Though the governor’s race in Virginia has received the lion’s share of media attention in recent weeks for its potential as a national bellwether, as Breitbart reports, the possibility of a GOP recapture of the House of Delgates in the Commonwealth has also emerged as an important story in this year’s election cycle that could have a similar impact.
It was just two years ago that the entire state of Virginia turned blue, with Democrats taking complete control of the government in Richmond, and that development was viewed by many as a pivotal, perhaps long-term shift in the political makeup of its electorate that would have ongoing national implications.
However, as President Joe Biden’s approval ratings have continued their precipitous decline, and Democrat Terry McAuliffe’s bid for the governor’s mansion encountered an unexpected roadblock in the candidacy of Republican Glenn Youngkin, political observers have increasingly viewed control the lower chamber as newly up for grabs.
Democrat State House Speaker Eileen Filler-Corn indicated to Politico recently that while she is confident that her party’s “majority is safe,” she is also “making sure everyone knows all we’ve accomplished, why it matters who governs, why it’s important to make sure that we maintain if not grow our majority.”
Despite that air of assurance, the GOP in Virginia has gone to great lengths to paint Democrats in the state as part and parcel of the far-left policies of the increasingly unpopular Biden administration and of his party’s leaders in Congress.
As Politico noted, this approach included a high-dollar ad campaign from the Republican State Leadership Committee in late summer, which took Democrats to task over rising crime rates, inflation, and, perhaps most critically in this particular cycle, what they described as the “politicization of public education.”
The outlet further pointed out that the Democrats hold a mere five-seat advantage over the GOP in the lower chamber going into the election, with some of the most closely contested races set to take place in the Newport News, Virginia Beach, and Norfolk areas, as well as in a few pockets of Northern Virginia.
As former Democrat Gov.
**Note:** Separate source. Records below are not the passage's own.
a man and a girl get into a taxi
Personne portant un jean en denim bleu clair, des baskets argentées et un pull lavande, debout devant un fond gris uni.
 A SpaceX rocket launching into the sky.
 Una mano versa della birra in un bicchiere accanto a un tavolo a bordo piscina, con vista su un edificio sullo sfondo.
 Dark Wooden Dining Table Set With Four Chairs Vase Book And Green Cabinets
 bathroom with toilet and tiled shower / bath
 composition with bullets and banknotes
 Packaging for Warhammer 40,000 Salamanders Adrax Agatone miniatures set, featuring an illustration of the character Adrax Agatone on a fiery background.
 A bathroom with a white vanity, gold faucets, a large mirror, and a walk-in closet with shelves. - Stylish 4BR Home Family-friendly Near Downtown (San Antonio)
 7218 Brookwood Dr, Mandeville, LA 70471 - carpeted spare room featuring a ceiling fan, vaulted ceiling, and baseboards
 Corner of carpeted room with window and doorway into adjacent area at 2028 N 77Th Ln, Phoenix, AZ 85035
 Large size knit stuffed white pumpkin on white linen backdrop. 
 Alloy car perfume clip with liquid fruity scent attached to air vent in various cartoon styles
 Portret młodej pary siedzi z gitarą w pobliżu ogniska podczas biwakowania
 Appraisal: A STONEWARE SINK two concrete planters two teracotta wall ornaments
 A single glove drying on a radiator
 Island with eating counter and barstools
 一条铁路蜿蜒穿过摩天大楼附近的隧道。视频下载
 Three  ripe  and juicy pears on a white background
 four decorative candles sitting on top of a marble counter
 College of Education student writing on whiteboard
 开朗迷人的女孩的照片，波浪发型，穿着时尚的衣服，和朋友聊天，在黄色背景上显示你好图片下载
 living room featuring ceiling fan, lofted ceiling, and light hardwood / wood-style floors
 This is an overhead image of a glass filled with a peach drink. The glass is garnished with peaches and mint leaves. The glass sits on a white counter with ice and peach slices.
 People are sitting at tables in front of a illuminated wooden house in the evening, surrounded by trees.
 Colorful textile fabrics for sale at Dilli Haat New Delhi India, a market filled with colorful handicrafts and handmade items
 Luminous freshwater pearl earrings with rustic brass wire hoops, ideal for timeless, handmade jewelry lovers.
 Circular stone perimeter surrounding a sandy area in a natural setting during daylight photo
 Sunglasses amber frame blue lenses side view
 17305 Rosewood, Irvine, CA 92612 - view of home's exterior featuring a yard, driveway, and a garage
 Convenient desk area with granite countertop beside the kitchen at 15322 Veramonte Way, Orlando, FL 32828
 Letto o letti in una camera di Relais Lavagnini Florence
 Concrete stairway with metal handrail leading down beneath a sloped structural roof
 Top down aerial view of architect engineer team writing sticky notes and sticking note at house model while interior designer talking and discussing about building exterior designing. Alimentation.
Douglas Wilder noted, according to Breitbart, McAuliffe himself may bear some of the blame if things do not go well for his party in the aforementioned areas on Election Day, suggesting that there is a perception among Black voters in those regions that their vote has been taken for granted, and they may have little motivation to go to the polls this time around.
With reports of a substantial enthusiasm gap in Republicans’ favor well-documented in the Commonwealth over the past several weeks, the prospects for Democrats have been nowhere near as rosy as expected, but whether that ultimately translates to a change in control at the House of Delegates or is a harbinger of things to come for the party as a whole, only time will tell.